Your response to the data below should hold nothing except the lines from the one containing "image-komik-tsuki-ga-michibiku-isekai-douchuu-chapter-49-8/29" down to the one containing "3618 Summerwind Cir, Bradenton, FL", reproduced exactly and without pictures.
==== Records to use
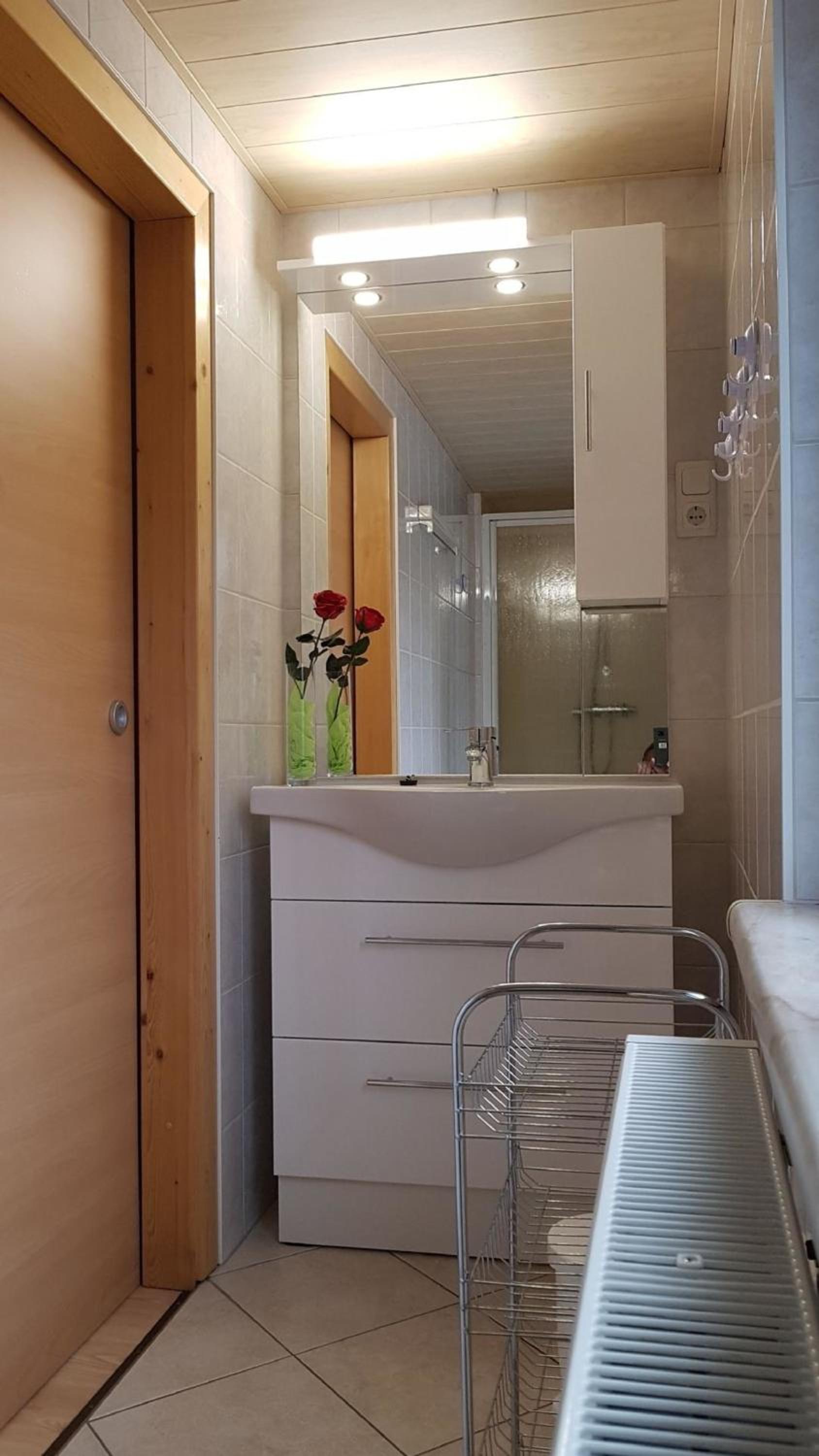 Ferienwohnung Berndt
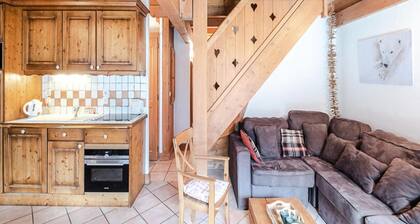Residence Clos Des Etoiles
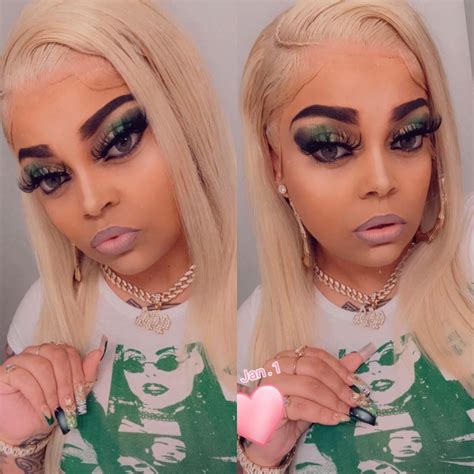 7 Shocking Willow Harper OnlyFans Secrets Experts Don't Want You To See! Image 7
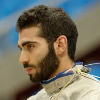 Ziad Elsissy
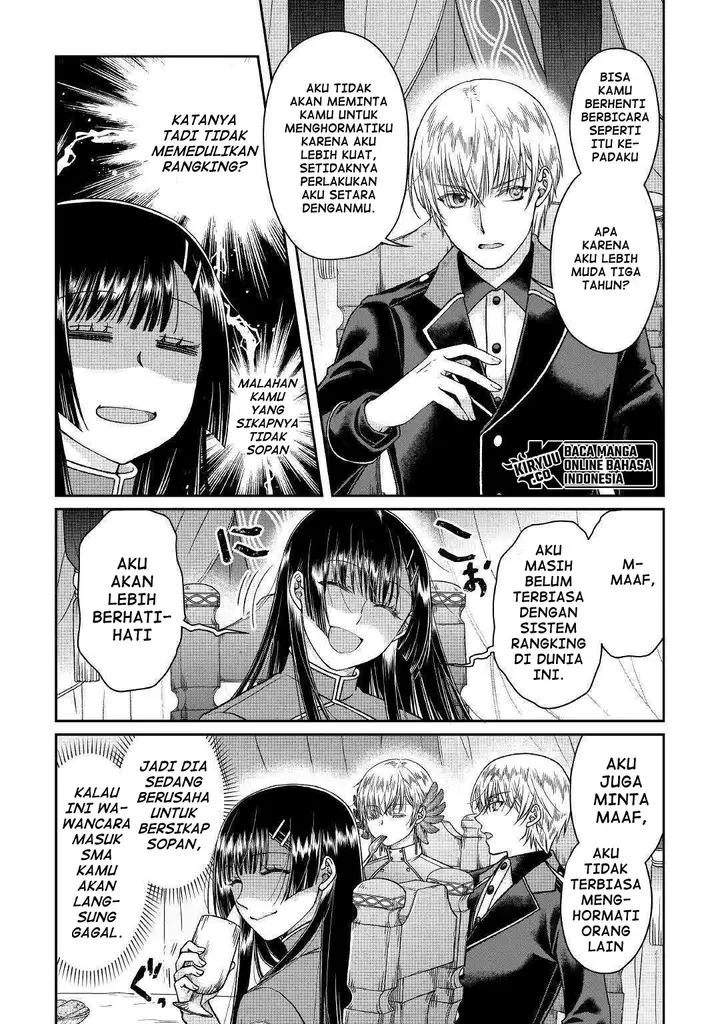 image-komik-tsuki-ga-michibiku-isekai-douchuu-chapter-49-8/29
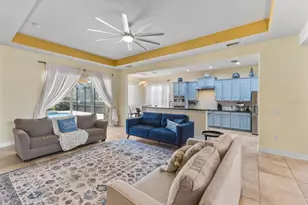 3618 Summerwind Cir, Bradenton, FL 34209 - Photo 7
========
==== Records to use
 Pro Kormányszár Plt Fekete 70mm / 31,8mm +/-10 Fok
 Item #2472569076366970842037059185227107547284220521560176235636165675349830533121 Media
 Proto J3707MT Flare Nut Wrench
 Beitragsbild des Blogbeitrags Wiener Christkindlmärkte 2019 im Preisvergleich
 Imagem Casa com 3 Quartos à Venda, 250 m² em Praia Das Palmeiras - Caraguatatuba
========
(Solution for this problem)
 image-komik-tsuki-ga-michibiku-isekai-douchuu-chapter-49-8/29
 3618 Summerwind Cir, Bradenton, FL 34209 - Photo 7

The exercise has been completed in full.